Recently on Facebook I asked how many of my friends knew the meaning of the semicolon – other than as a mark of punctuation. About two-thirds of those who responded did. The rest either didn’t or had some vague idea but no real knowledge. But I’m pretty vocal about mental health issues and a fair number of my friends have similar problems and difficulties, so that two-thirds figure is likely not representative of the population at large.

Yet I see increasing numbers of t-shirts, bracelets, and other paraphernalia adorned with semicolons and sometimes colorful butterflies or the word “warriors.” But nowhere does it say what the semicolon stands for. For those of you who don’t know, the semicolon marks that place in a sentence where a writer could have stopped, but chose to go on. As such, it has become a symbol for suicide prevention and mental health awareness.

I have a semicolon tattoo myself. I don’t regret getting it. It reminds me, as the saying goes, that my story isn’t over. But when I got it, I also hoped it would be a tool for education – that I could explain to those who saw it and asked what the symbol meant.

Unfortunately, no one has asked.

I’d hate to think that the semicolon has become like a secret handshake that identifies members of our tribe to one another, but leaves out the rest of the world. As stigma-fighting symbols go, it doesn’t seem terribly effective.

The political conversation has become so fraught that no one talks to anyone who doesn’t believe in the same things. And I’m afraid that, like them, we’re largely talking to ourselves.

Self-talk is important – definitely something we should pay attention to and work on improving. But if we really want to fight stigma, we need to talk to other people about it.

I see a fair number of stigma-fighting memes and discussions, but unfortunately, most of them take place in mental health support groups, where the message is not as much needed as in the larger world outside our band of the mentally ill.

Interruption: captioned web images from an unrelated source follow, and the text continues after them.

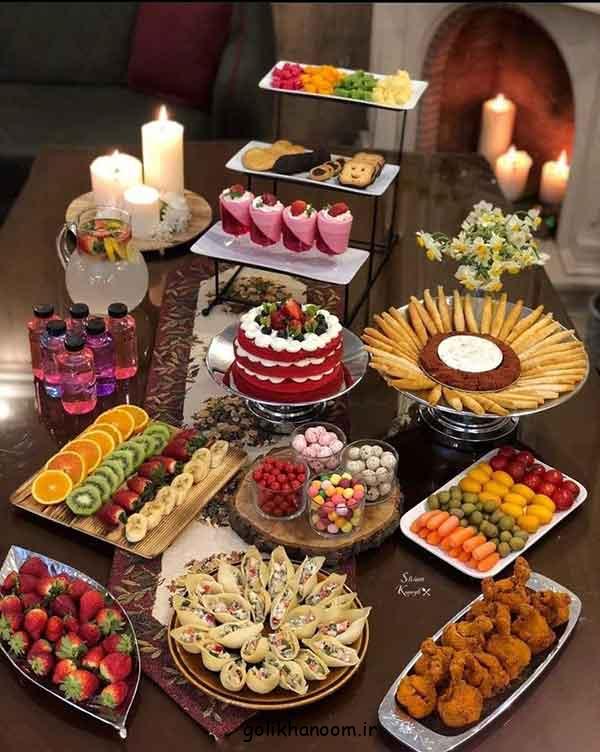 تزیین میز تنقلات و میوه مهمانی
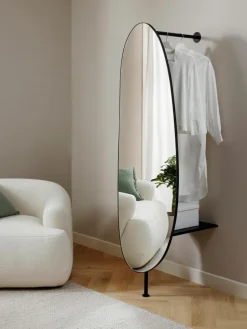 Wandspiegel Ophelia mit Kleiderstange und Ablage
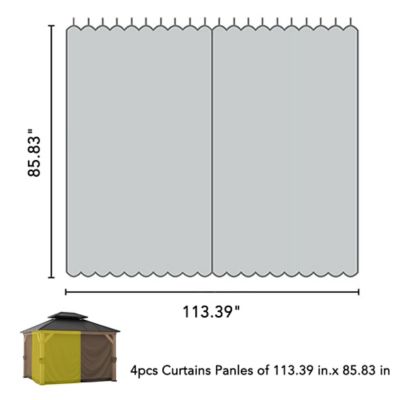 Image showing  113.39 in. x 85.83 in. Curtain for Hard Top Gazebos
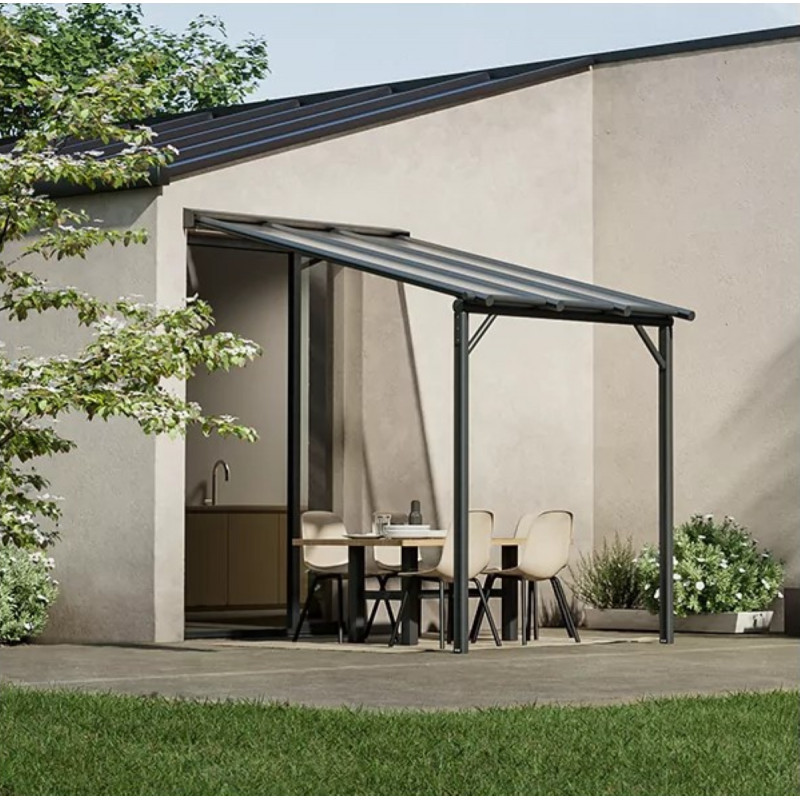 Pergola Harmonie en aluminium gris - adossée - 3x2m - Pergofrance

Of course, there are organizations such as NAMI, Bipolar Awareness – Stop the Stigma, and Stigma Fighters that dedicate effort to reducing stigma. And they are doing a good, necessary thing.

But what about the rest of us? What can we do to break out of our shells and involve the rest of the world in our cause?

One thing is to question other people’s assumptions when we see or hear them. When you read a post that calls the weather bipolar, answer it. Explain why that’s not a good comparison – that it trivializes a very real problem that millions of people face every day. And when someone assumes that a mass shooter or other terrorist must be mentally ill (or “off his meds”), remind them that those with mental illness are more often the victims of violence that they are the perpetrators of it.

Will people get the message, or will they just dismiss you as “politically correct” or a “social justice warrior”? Personally, I can think of worse names to be called, and many of us have been called them. But just as “retarded” and “gay” are no longer acceptable as synonyms for “weird” or “stupid,” we should try our best to make “crazy” and “mental” and “psycho” and that annoying little twirl of the finger by the temple no longer acceptable as shorthand for behavior that one doesn’t understand. (I still haven’t figured out how “dumb” and “lame,” both ableist language, have managed to skate by.)

What I’m saying is that to fight stigma we need to engage with the world outside. We need to explain why certain uses of language are hurtful and what the truth is about the many people who are affected by mental illness.

I’ve had to smack a few friends on the nose with a rolled-up newspaper when they get it wrong and I try to put my two cents into other discussions that are portraying the mentally ill insensitively. I think about what I’m going to say and even practice it before I speak or press send. (Sounding well-informed and reasonable is the way I want to express my message.) I post my blog entries to “public” as well as to friends and support groups. Sometimes I even talk to my family about stigma.

As a group, we need to do a whole lot better at not hiding from stigma but confronting it wherever we see it. We can live with stigma or we can fight it.